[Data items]
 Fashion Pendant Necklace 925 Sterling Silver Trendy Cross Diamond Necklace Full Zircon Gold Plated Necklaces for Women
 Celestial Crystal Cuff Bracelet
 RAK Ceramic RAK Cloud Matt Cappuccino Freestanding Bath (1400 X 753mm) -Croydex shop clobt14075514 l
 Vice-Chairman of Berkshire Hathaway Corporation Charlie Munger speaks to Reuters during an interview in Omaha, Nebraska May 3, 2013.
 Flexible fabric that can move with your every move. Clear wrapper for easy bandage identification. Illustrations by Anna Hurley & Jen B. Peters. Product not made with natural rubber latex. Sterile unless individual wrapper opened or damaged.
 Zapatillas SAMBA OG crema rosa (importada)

**WHAT NEEDS TO BE DONE**
Each line from the one containing "Vice-Chairman of Berkshire" through the last line of the entries above is to be returned exactly, and no others.

**TASK ANSWER**
 Vice-Chairman of Berkshire Hathaway Corporation Charlie Munger speaks to Reuters during an interview in Omaha, Nebraska May 3, 2013.
 Flexible fabric that can move with your every move. Clear wrapper for easy bandage identification. Illustrations by Anna Hurley & Jen B. Peters. Product not made with natural rubber latex. Sterile unless individual wrapper opened or damaged.
 Zapatillas SAMBA OG crema rosa (importada)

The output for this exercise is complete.